The DYNATE package accompanies the paper “Localizing Rare-Variant Association Regions via Multiple Testing Embedded in an Aggregation Tree”. The package is designed to pinpoint the disease-associated rare variant sets with a controlled false discovery rate in case-control study.
library(DYNATE)Here, we show how to apply DYNATE.
We require the input data is a data frame with a long format: each row is a rare variant (SNP) per sample. Specifically, the input data should contains 6 variables with name Sample.Name, Sample.Type, snpID, domainID, X1, X2. Where variables Sample.Name, snpID and domainID indicate the Sample ID, SNP ID, and domain ID, respectively; Variable Sample.Type indicates the case/control status of each sample; Variables X1 and X2 are covariates that could be considered in the analysis.
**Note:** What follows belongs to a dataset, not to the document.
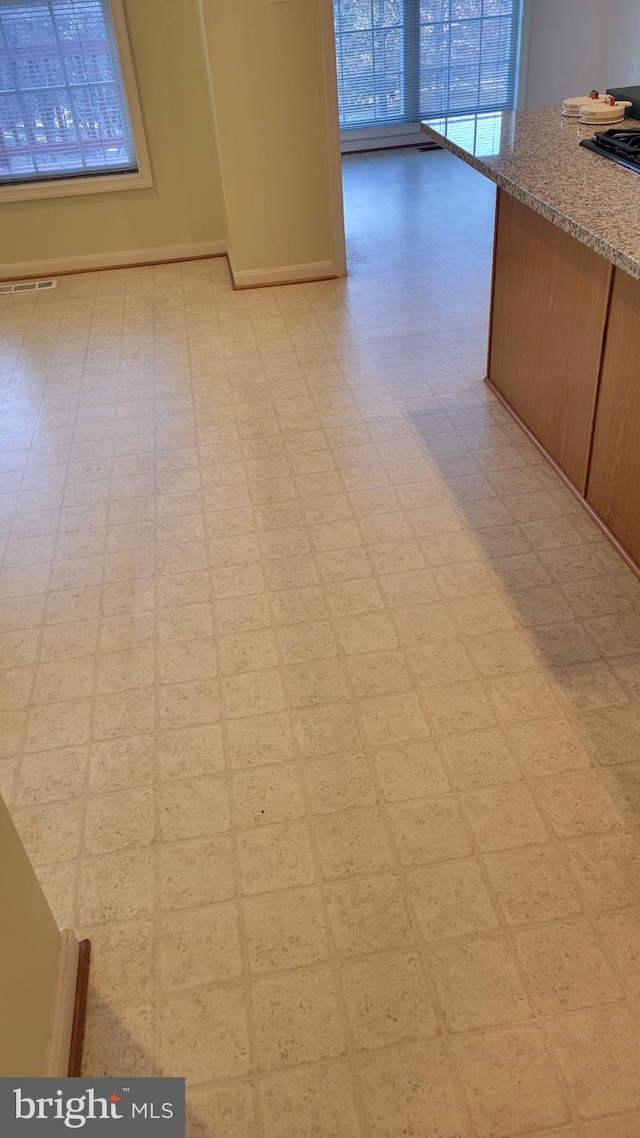 interior space with baseboards and tile patterned floors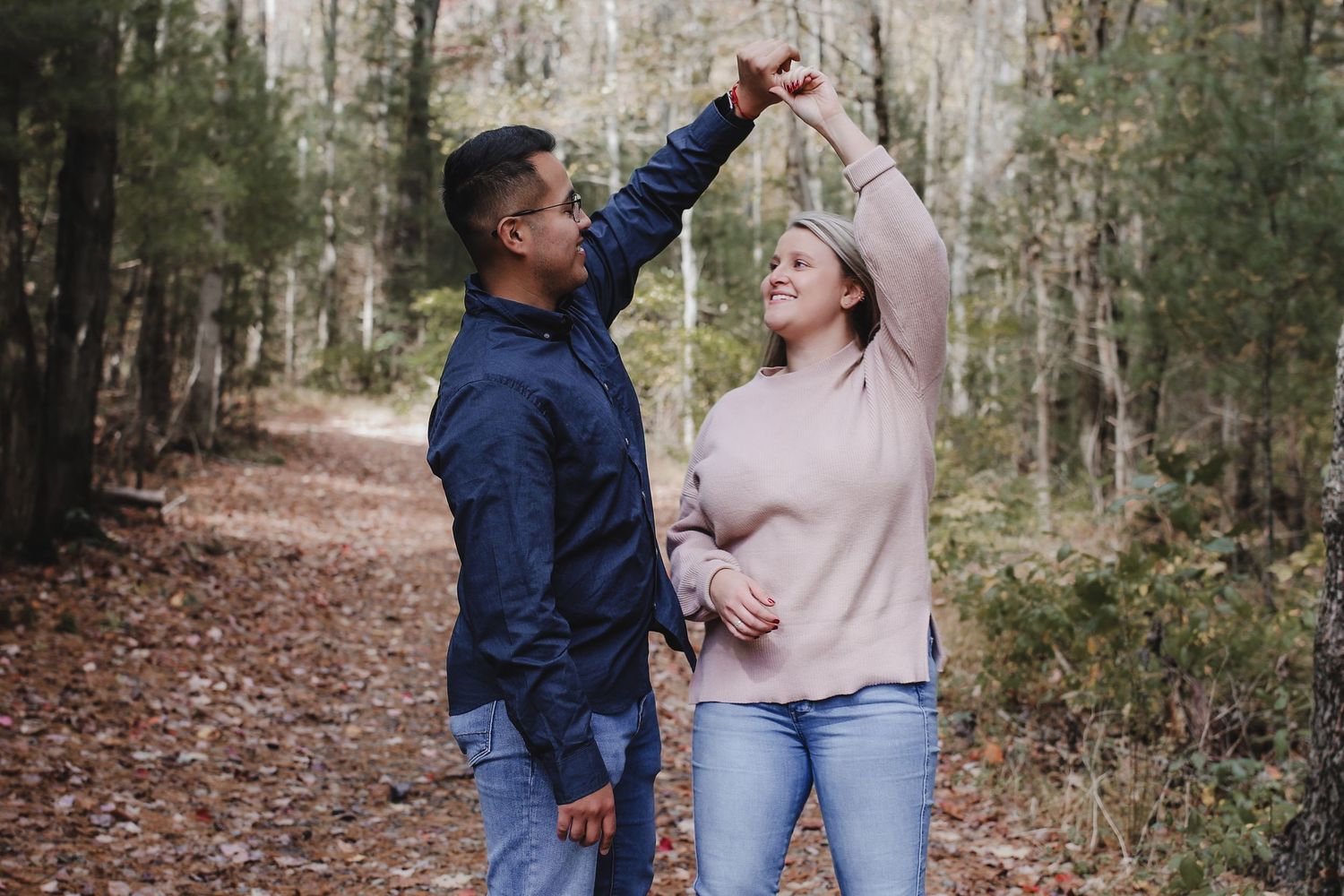A couple shares joyful moments while walking together through a peaceful autumn forest path.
The snp_dat below is a toy simulated data with 6 variables and 210,454 rows. The data contains 2,000 samples (1,000 cases and 1,000 controls). In total 16,281 SNPs reside in 2,000 domains are considered in snp_dat.
str(snp_dat)
#> 'data.frame': 54282 obs. of 6 variables:
#> $ snpID : num 1 1 1 1 1 1 2 2 2 2 ...
#> $ Sample.Type: chr "case" "case" "ctrl" "ctrl" ...
#> $ Sample.Name: int 58 695 1373 1504 1898 1938 110 199 292 326 ...
#> $ domainID : int 1 1 1 1 1 1 1 1 1 1 ...
#> $ X1 : num 0.38242 -0.46531 -0.23738 -0.0889 0.00982 ...
#> $ X2 : int 1 1 1 0 1 1 1 0 1 0 ...First, we set the tuning parameters as follows. Please refer to the paper for detailed tuning parameters selection procedure.
M <- 5 # leaf size
L <- 3 # layer number
alpha <- 0.05 # desired FDRSecond, we use Test_Leaf function to construct leaves and generate leaf P-values for the case-control study.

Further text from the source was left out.